AN EXCERPT FROM:
BACK TO THE BAYOU:
THE TASSIN VALLEY SAGA CONTINUES
COPYRIGHT © 2024 BY SHERYL J. BIZE- BOUTTE
ALL RIGHTS RESERVED
BREAKING AND GATHERING
Just as the sun rose on the bayou in the Tassin Valley, a restless Etienne rose from her bed in the dark of night some twenty-five hundred miles away in Oakland, California. Sleep had been evading her for several weeks now. Between the headaches, which would randomly occur, and her troubled being, she had been unable to find rest, sleeping off and on in fits and starts. She was becoming more and more exhausted with each passing day and losing her sense of place and purpose. Losing her sense of self. Only two things in her life kept her from falling: her two daughters, Olivia and Olivette, now ten and eight years old.
When she looked into their almost always questioning faces, she knew they understood that things were not right. They were growing up. They could see and hear things now and attach meaning to what they saw and heard. She felt keenly responsible for the burden she was placing on them. They were smart, inquisitive girls. They deserved much more than this current state of existence.
Etienne had only to look into their eyes to continue to question her bargain with Oliver Charles. It was a deal between the two of them. Her children had not been considered. She had to right that wrong before it was too late to implant the knowledge in them of how dearly they were loved. It was not fair or humane to let them live lives without knowing that grounding and spirit-sustaining fact.
Questions about herself and her motives took away her sleep. They were draining what little vitality she managed to capture and keep, taking away what little joy she had found in this dry and deserted life.
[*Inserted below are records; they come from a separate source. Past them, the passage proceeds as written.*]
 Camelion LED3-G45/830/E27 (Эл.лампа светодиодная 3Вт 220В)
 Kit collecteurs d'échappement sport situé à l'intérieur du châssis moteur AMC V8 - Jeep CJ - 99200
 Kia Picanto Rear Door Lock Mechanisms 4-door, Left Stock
Why was she here? Why was she living this way and forcing her precious girls to do the same?
This was not the right way to live.
They were all dying here.
This life was full of money and possessions, but it was empty of care and love.
She needed both of those right now. She could feel herself slipping, and she knew she would have to make a decision.
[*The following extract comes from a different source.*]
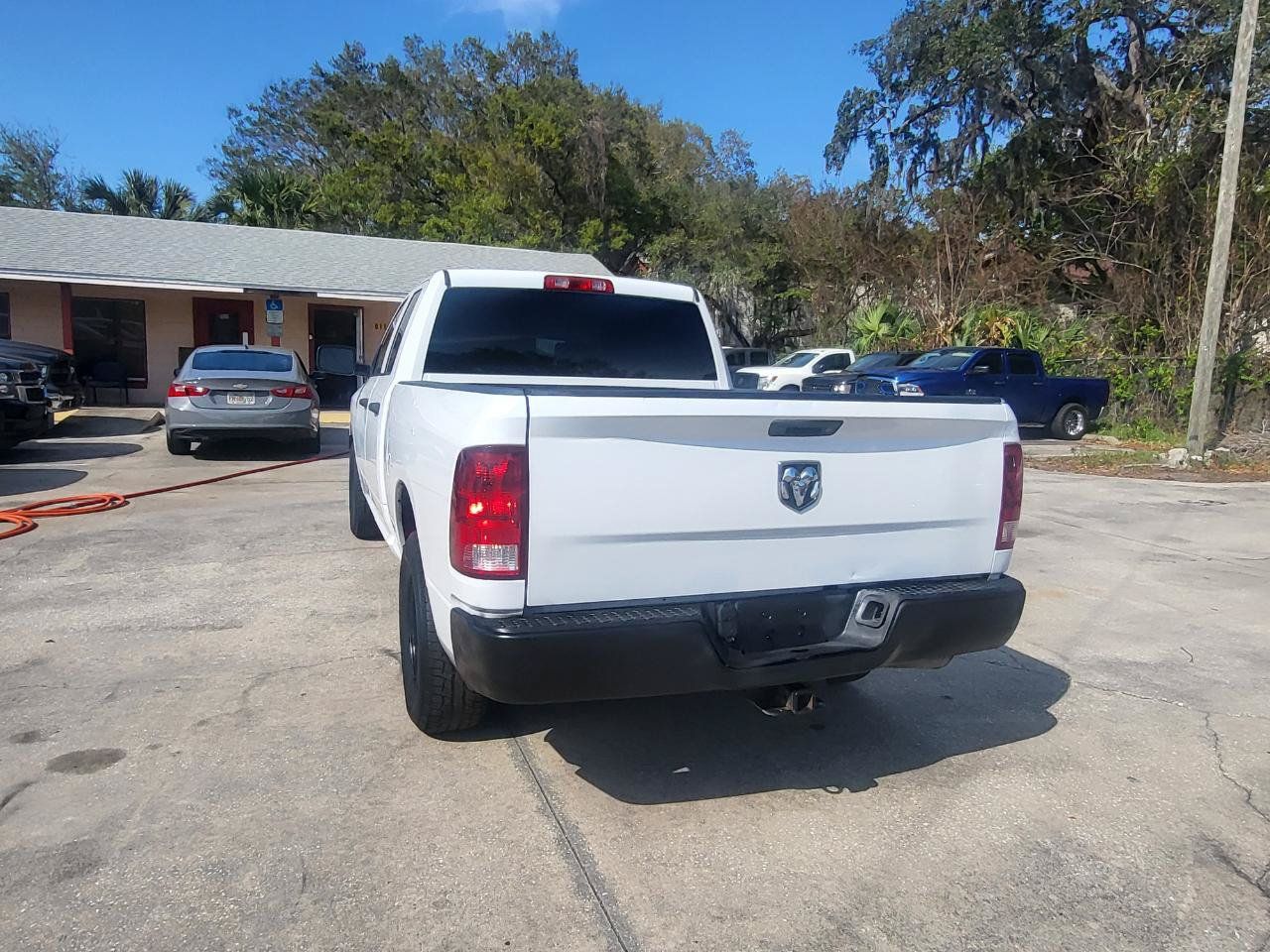 Used 2017 RAM 1500 Tradesman RWD image 20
Slowly, she moved over to her vanity and cleared a space. She took her stationery and pen out of the drawer and began to write.
Although she could no longer quite remember the details of why, she knew with a fierce and embedded confidence that there was only one person in Tassin she could dare trust to help her.
May 1, 1896
Dear Celeste,
I trust this writing finds you well.
I need your trust and secrecy.
I know we have never been close, but you are the only one who never looked at me as though I was something strange in Tassin.
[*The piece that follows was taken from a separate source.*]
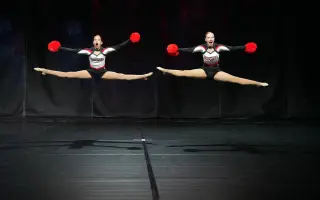 Pomozte nám na Mistrovství Evropy v cheerleadingu na Krétě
I never expressed my deep appreciation to you for that.
I need you now, Celeste.
I need to come home.
I need to bring my girls home.
Please write back to me and let me know if I am welcome to stay with you for a short while. Now that Mom and Papa are gone along with the house and land, I have nowhere else to go.
I know I am imposing as your apartment is small, but I promise we will only stay for a short time and be little to no trouble.
Please provide me with your word that you will tell no one.
I anxiously await your response.
Respectfully,
Etienne
She folded the letter carefully and sealed it in a matching stationery envelope.
Now all that was left was to mail it.
She knew she could not mail it from Oakland. Surely, at some point, the gossipy postmaster would inquire of Oliver Charles whether he had heard from Louisiana yet. Etienne had come to believe that the postmaster was the source of Otto Levy’s knowledge about Oliver Charles’s Louisiana origins based on the letters from his mother.
It seemed that White people considered it their duty to report what the “servants” were or may be up to. Margot understood that she was regarded as a servant and was either treated as invisible or under close watch. She also understood where each form of being could exist. A Black person was invisible in places they were considered to belong, such as tending the garden or sweeping the sidewalk. Conversely, they were under close watch in places they were not considered to belong, such as the bank or the post office. One had to be both courageous and cunning to attempt what Etienne contemplated.
She would have to lay a plan to leave the shop during the day. One early afternoon, she approached Oliver Charles and told him she was going to the lady doctor in San Francisco to help her with “lady problems.” As she’d expected, he did not care, so he did not question her. She walked a few blocks down the street and hailed a taxi carriage and traveled to the city of Niles, where she established a post office box in the name of E. Bardin, her employer as she told the clerk, for use as a return address and to receive mail. The trip to Niles and back to Oakland would take about four hours, about the same time it would take for her to travel to San Francisco and back, raising no suspicion with Oliver Charles, had he chosen to be so.
Having mailed her letter, the waiting would now begin.